Store Expenses. Total store expenses increased to $53.5 million during year to date 2004 from $46.0 million in the first nine months of 2003. Salaries and benefits increased by $3.6 million to $19.1 million in the nine months ended September 30, 2004 versus $15.5 million in comparable 2003 due to compensation to employees at new stores and higher bonuses for employees at existing stores due to improved store gross profit. The average number of employees increased to 1,052 during the nine months ended September 30, 2004 from 872 in the same prior year period.

 

Our provision for losses for the nine months ended September 30, 2004 totaled $17.6 million, a 10.0% increase over the comparable 2003 period. As in the third quarter discussion, this rate of increase was lower than revenue growth, resulting in a decline in losses as a percentage of revenues from 22.6% during the nine months ended September 30, 2003 to 19.8% during comparable 2004. The decline in the loss ratio period to period is largely due to very favorable experience in first quarter 2004 versus 2003, which we believe is attributable to the non-recurring tax benefits received by our customers associated with the changes in the income tax laws passed during mid-2003.

 

Other expense components, including occupancy, depreciation and amortization and various other costs, increased $2.2 million period to period, primarily due to the addition of stores after September 30, 2003.

 

Store Gross Profit. Store gross profit improved $11.1 million, or 45.3%, from $24.5 million for the nine months ended September 30, 2003 to $35.6 million for the nine months ended September 30, 2004. Store gross margin improved to 39.9% for the nine months ended September 30, 2004 from 34.8% for the nine months ended September 30, 2003. Comparable stores during year to date 2004 reported a gross margin of 43.9% versus 38.4% in the same 2003 period. Stores opened during 2003 reported a gross margin of 20.9% for the nine months ended September 30, 2004. Stores opened during 2004 totaled a net loss of $853,000.

 

Regional and Corporate Expenses. Regional and corporate expenses increased $3.3 million, from $8.8 million during the nine months ended September 30, 2003 to $12.1 million in the current year period, for the same reasons noted in the quarterly discussion above. Approximately 75% of regional expenses – which increased $1.2 million period to period – represent salaries and benefits that will primarily grow based on the addition of employees to manage the growth in the number of stores.
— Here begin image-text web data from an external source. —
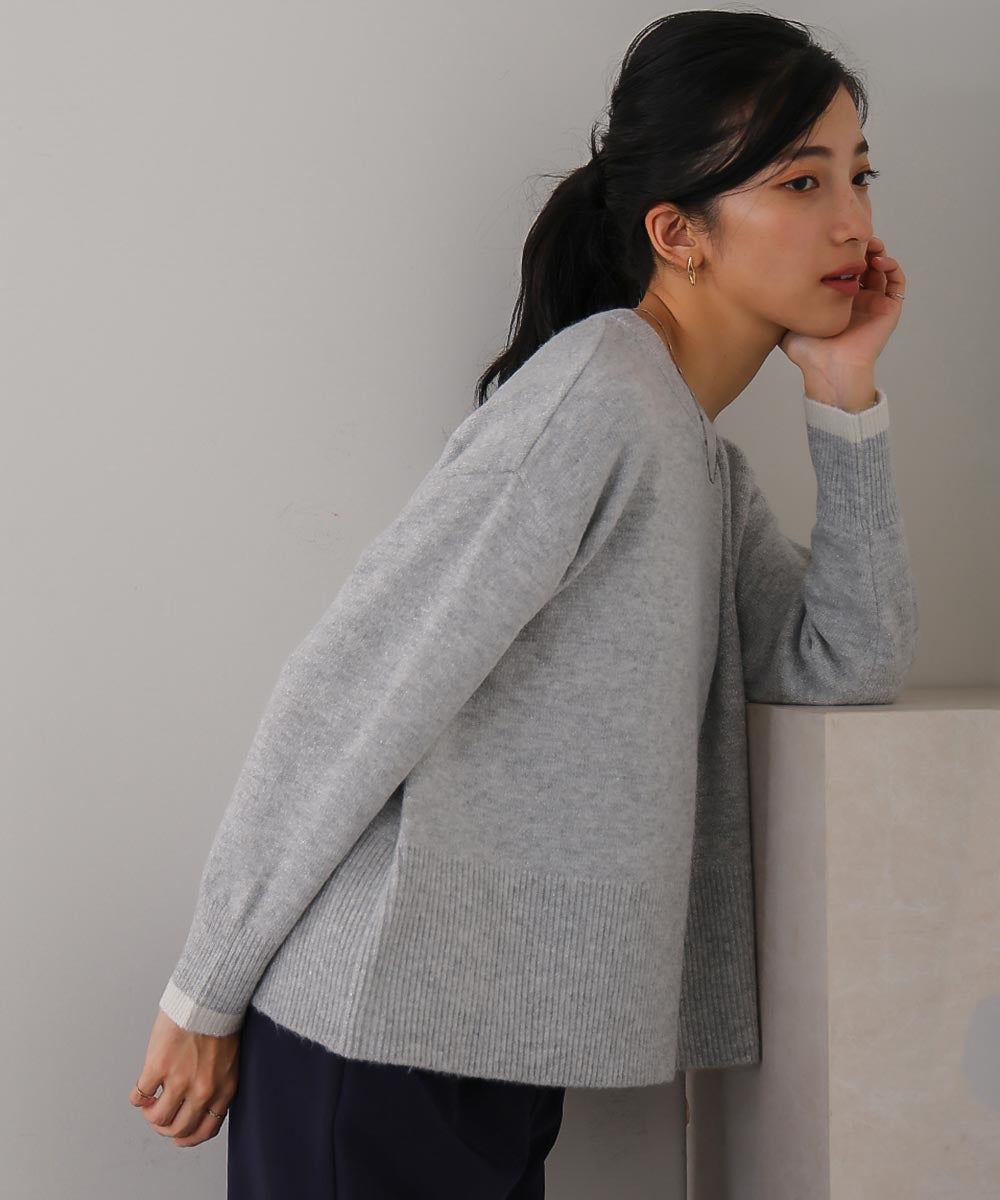 ラメラインニット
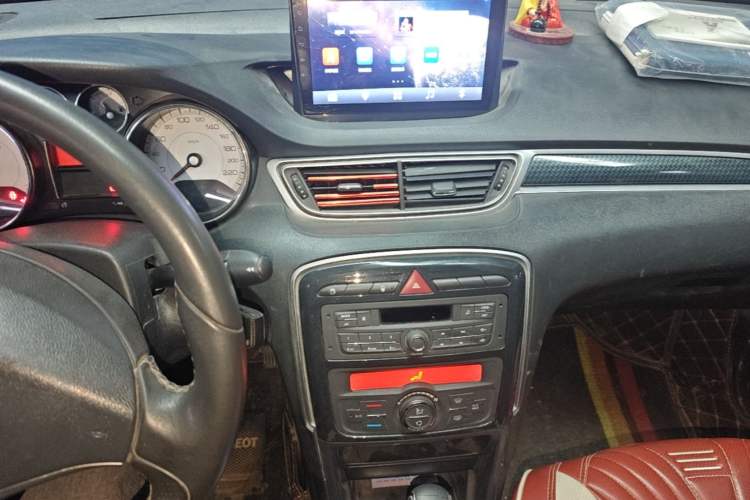 Used Peugeot 308 2014 Enjoyment Edition Classic 1.6L Automatic Fashion Model Audio And AC Panel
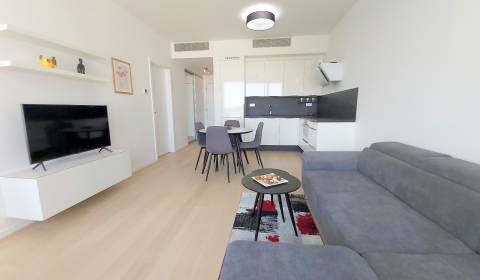 Mieten 2-Zimmer-Wohnung, 2-Zimmer-Wohnung, Továrenská, Bratislava - St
Approximately 50% of corporate expenses are salaries and benefits, with the remainder representing various other costs, such as professional expenses, printing costs and corporate-level advertising.

 

Interest. Interest expense totaled $642,000 during the nine months ended September 30, 2004 versus interest expense of $597,000 in comparable 2003. The increase in interest expense period to period was attributable to higher average debt balances in 2004 versus 2003, partially offset by interest income from the investment of the proceeds from the Public Offering.

 

Income Tax Provision. The effective income tax rate for the nine months ended September 30, 2004 increased to 39.5% from 38.7% in the comparable prior year period due to state and local tax planning strategies that reduced the 2003 provision for income taxes.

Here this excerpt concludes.